Built-in Benchmarks

Benchmark is a combination of dataset and metric. We provide several popular benchmarks out-of-box.

MMLU-Pro

MMLU Pro benchmark contains 12032 difficult multiple-choice questions from the realm of math, chemistry, engineering, etc.

Here is how to run it with redlite:

from redlite import run
from redlite.benchmark.mmlu_pro import dataset, metric

model = ...  # configure the model to be benchmarked

run(dataset=dataset, metric=metric, model=model)

GPQA

GPQA benchmark contains four separate datasets of multiple-choice questions:

main - 448 rows
diamon - 198 rows
experts - 60 rows
extended - 546 rows

Here is how to run diamond version with redlite:

from redlite import run
from redlite.benchmark.gpqa import get_dataset, metric

model = ...  # configure the model to be benchmarked

dataset = get_dataset('diamond')

run(dataset=dataset, metric=metric, model=model)

Math 500

Math 500 benchmark contains 500 math problems. Here is how to run this benchmark in redlite:

from redlite import run
from redlite.benchmark.math500 import dataset, metric

model = ...  # configure the model to be benchmarked

run(dataset=dataset, metric=metric, model=model)

Live Code Bench code generation

LiveCodeBench benchmark contains Pyhton code generation tasks. Here is how to run this benchmark in redlite.
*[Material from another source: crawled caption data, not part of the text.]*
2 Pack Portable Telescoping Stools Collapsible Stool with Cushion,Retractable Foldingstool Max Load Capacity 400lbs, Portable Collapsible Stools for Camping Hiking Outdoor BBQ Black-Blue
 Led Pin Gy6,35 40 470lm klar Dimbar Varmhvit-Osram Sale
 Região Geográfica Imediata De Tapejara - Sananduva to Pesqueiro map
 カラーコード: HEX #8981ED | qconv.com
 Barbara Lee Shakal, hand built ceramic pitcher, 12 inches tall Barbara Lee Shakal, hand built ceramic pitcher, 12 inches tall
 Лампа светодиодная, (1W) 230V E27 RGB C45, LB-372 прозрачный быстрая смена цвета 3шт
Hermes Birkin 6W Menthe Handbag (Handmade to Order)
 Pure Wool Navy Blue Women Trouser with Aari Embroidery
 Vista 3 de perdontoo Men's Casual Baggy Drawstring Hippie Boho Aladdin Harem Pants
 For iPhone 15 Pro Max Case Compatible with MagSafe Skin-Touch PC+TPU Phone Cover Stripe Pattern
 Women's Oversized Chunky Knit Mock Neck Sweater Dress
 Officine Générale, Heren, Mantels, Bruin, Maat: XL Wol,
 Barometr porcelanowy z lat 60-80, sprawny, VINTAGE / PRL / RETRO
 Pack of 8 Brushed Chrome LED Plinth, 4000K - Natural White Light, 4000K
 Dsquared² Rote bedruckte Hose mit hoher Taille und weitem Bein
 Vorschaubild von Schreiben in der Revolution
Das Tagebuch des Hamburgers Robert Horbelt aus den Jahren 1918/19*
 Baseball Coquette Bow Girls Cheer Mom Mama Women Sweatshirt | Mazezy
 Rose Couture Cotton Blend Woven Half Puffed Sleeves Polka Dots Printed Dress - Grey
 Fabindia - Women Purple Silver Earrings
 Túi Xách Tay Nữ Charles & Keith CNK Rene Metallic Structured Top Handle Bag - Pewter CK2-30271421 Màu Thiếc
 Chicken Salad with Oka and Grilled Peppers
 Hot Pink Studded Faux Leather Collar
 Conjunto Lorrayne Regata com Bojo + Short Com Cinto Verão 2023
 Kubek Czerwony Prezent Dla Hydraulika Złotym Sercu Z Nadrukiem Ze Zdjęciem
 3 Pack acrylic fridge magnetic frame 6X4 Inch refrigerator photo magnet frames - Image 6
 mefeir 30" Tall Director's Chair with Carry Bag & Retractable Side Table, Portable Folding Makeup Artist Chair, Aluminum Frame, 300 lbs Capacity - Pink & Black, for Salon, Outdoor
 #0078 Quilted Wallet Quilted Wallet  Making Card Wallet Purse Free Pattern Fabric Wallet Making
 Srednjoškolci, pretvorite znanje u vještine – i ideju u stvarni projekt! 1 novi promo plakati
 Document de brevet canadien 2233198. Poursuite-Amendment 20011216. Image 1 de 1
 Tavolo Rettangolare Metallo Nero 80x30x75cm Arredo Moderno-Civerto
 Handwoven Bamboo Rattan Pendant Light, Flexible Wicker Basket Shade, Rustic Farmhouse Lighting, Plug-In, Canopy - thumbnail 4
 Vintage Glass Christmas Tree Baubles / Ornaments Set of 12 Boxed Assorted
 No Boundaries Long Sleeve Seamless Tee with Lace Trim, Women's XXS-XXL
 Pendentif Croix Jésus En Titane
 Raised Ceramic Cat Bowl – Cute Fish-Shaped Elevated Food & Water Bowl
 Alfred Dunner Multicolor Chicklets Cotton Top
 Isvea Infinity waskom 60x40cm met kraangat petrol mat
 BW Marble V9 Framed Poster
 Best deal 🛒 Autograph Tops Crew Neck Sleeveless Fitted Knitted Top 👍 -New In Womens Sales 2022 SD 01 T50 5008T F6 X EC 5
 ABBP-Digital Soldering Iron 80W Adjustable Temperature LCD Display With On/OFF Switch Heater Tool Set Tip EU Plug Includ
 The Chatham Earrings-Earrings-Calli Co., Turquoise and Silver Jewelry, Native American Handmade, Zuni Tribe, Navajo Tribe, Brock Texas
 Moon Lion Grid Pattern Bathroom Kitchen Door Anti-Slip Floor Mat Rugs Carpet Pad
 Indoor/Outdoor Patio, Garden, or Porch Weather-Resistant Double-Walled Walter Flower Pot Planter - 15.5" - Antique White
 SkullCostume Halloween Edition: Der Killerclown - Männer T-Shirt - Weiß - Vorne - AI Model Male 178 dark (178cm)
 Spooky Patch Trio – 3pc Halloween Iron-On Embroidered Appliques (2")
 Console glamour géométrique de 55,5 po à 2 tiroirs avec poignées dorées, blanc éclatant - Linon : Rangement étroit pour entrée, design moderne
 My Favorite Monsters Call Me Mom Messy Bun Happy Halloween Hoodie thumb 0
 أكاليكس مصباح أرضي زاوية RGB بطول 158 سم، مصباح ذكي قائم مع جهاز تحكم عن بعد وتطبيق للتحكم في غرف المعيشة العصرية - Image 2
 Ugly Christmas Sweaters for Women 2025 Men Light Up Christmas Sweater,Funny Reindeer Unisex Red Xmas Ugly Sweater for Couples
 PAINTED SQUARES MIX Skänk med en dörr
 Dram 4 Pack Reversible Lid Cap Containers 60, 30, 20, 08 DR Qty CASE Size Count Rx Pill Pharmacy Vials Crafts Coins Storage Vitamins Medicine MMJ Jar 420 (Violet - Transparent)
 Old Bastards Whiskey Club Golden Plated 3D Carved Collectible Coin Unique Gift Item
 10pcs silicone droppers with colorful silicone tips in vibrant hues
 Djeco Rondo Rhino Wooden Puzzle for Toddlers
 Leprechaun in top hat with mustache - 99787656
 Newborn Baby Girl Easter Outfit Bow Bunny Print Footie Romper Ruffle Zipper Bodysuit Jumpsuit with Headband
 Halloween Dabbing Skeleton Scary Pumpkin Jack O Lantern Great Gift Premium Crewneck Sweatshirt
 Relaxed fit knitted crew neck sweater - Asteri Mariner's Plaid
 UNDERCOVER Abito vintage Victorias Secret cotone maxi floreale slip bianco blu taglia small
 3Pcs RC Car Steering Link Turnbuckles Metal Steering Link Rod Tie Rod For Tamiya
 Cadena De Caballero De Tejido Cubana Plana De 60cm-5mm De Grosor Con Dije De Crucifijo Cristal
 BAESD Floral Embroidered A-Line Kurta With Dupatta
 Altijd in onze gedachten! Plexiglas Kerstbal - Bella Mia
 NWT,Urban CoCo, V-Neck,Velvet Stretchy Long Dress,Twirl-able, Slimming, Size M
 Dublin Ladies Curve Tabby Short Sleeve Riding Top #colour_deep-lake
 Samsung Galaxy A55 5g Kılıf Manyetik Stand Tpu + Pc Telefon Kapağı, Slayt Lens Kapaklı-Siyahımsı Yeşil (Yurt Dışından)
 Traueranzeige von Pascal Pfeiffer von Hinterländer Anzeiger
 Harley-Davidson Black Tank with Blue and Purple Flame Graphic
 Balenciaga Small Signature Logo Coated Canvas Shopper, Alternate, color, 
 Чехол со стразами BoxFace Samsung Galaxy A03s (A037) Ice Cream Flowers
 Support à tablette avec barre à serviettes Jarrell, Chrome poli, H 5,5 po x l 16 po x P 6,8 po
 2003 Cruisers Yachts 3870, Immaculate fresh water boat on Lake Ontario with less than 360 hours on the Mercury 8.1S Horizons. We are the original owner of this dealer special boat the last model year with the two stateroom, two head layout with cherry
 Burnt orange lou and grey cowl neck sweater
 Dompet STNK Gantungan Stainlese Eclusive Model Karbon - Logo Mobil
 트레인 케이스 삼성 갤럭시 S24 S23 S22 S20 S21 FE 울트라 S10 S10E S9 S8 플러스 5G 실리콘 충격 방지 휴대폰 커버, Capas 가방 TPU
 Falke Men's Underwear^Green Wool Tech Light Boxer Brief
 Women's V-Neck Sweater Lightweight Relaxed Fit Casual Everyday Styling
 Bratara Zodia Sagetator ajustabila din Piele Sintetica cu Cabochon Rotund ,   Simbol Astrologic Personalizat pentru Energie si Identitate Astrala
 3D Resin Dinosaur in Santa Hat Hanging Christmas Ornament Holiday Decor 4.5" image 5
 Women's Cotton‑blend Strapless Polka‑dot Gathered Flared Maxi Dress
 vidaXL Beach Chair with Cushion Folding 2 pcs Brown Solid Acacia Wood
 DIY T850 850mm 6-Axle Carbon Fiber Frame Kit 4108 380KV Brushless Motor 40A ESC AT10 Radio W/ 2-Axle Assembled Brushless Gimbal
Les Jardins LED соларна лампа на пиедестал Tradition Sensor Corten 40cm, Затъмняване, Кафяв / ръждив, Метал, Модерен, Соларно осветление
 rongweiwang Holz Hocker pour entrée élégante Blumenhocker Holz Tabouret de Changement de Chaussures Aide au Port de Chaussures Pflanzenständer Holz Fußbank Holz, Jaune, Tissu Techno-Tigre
First, you need to run grader service with docker. You may need to build the docker first, see GitHub project redlite-livecodebench-grader for details. Once you have Docker image, start grading service:

docker run -it -p 8000:80 ilabs/redlite-livecodebench-grader:latest

Now you can run benchmark like this:

from redlite import run
from redlite.benchmark.livecodebench import get_dataset, get_metric

model = ...  # configure the model to be benchmarked

dataset = get_dataset()  # use default partition
metric = get_metric()  # use default grader endpoint http://localhost:8000

run(dataset=dataset, metric=metric, model=model)

There are 4 available test configs (a.k.a. partitions):

Name	Start Date	End Date	Revision	Records
test_v5_2408_2502	2024-08	2025-02	v5	279
test_v5_2407_2412	2024-07	2024-12	v5	315
test_v5_2410_2502	2024-10	2025-02	v5	166
test_v6_2408_2505	2024-08	2025-05	v6	454

Default config is test_v5_2408_2502. You may load other configs by passing config name to the get_dataset function.

AIME 2024

AIME 2024 benchmark contains 30 math problems from 2024 AIME I and 2024 AIME II tests.

Here is how to run this benchmark in redlite:

from redlite import run
from redlite.benchmark.aime24 import dataset, metric

model = ...  # configure the model to be benchmarked

run(dataset=dataset, metric=metric, model=model)

AIME 2025

AIME 2025 benchmark contains 30 math problems from 2025 AIME I and AIME II tests.

Here is how to run this benchmark in redlite:

from redlite import run
from redlite.benchmark.aime25 import dataset, metric

model = ...  # configure the model to be benchmarked

run(dataset=dataset, metric=metric, model=model)